Entgegen der Ansicht der Revision weist der Verwaltungsprozess gegenüber dem Zivilprozess keine Besonderheiten auf, die zu einer abweichenden Beurteilung führen würden. Die Prozesshandlungsvoraussetzungen wie die hier in Rede stehende Postulationsfähigkeit sind hier wie dort von Amts wegen zu prüfen. Soweit die Revision vorträgt, juristische Personen des öffentlichen Rechts könnten sich nicht auf die Wirksamkeit einer von ihnen durch rechtsfehlerhaftes Handeln herbeigeführten gerichtlichen Entscheidung berufen, verkennt sie, dass diese Wirksamkeit in erster Linie der Verfahrenssicherheit dient und auf der Legitimation des Gerichts zur Verfahrensleitung beruht. Unter diesen Aspekten kommt es nicht darauf an, welcher der Beteiligten durch sein (Fehl-)Verhalten den Anstoß zu der gerichtlichen Entscheidung gegeben hat. Im Übrigen wäre es auch aus Gründen der prozessualen Waffengleichheit nicht gerechtfertigt, die öffentliche Hand als Verfahrensbeteiligte anders zu behandeln als sonstige Beteiligte.
b) Keiner Entscheidung bedarf, ob der Vorsitzende des Gerichts befugt ist, die Frist zur Begründung der Berufung, wie hier geschehen, über den beantragten Zeitpunkt hinaus zu verlängern. Selbst wenn diese Frage zu verneinen sein sollte, würde dies aufgrund der dargelegten Erwägungen die Wirksamkeit der Fristverfügung gleichfalls nicht berühren (vgl. BAGE 11, 251; 12, 220 ≪225≫).
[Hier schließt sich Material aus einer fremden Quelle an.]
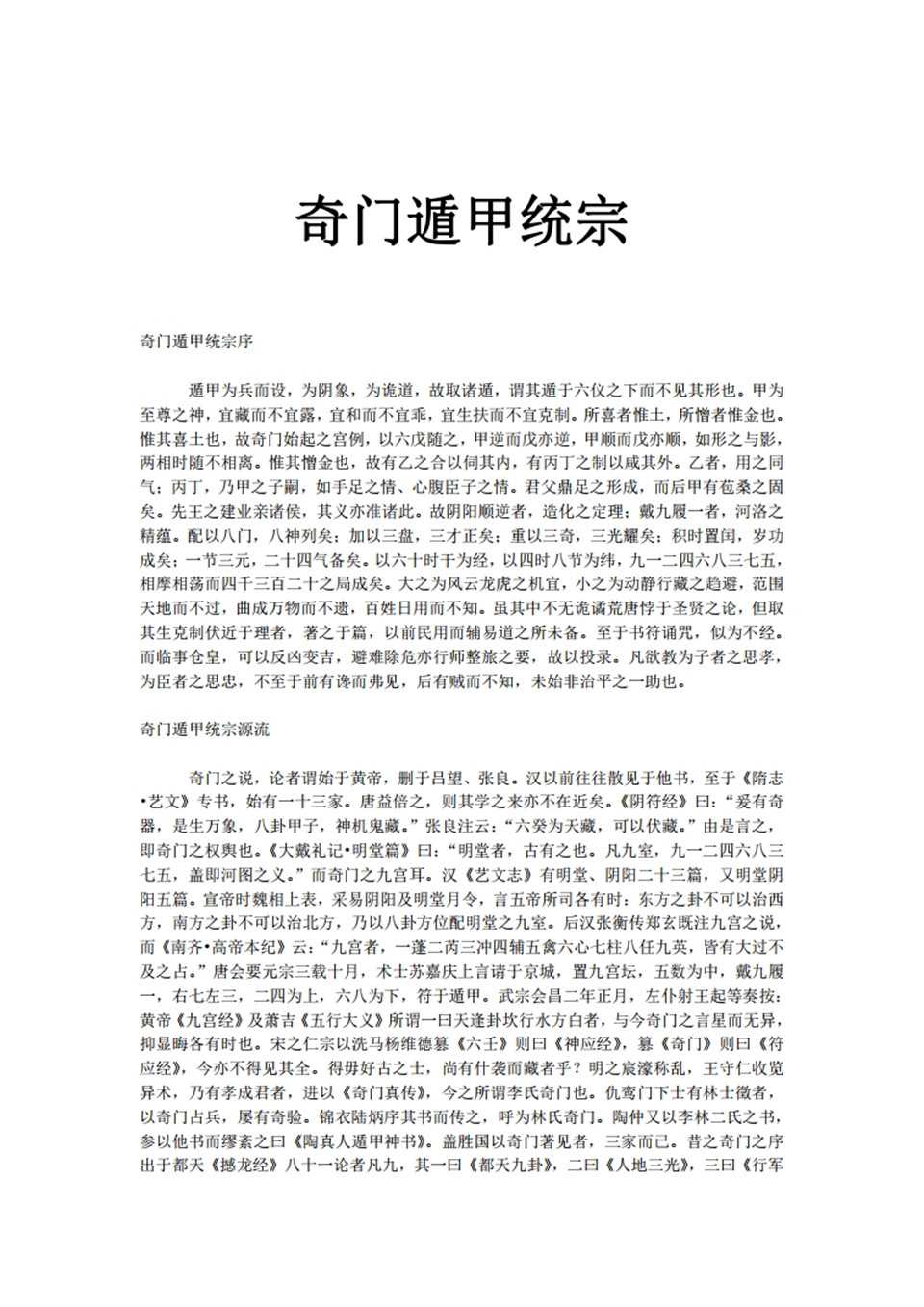 Qi Men Dun Jia Tuan Zong.pdf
c) Soweit die Revision die Frage aufwirft, ob die Verlängerung der Berufungsbegründungsfrist durch den Vorsitzenden unter den vorstehend erörterten Umständen – fehlende Postulationsfähigkeit der Bediensteten einer juristischen Person – auch dann wirksam sei, wenn die unterzeichnende Person im Antragsschriftsatz als „Sachbearbeiterin” bezeichnet werde, hat sie keinen rechtlichen Gesichtspunkt aufgezeigt, der über das Gesagte hinausführte. Im Übrigen liegt auf der Hand, dass die Bezeichnung als Sachbearbeiter(in) nichts über die Fähigkeit besagt, einen Träger öffentlicher Verwaltung wirksam zu vertreten.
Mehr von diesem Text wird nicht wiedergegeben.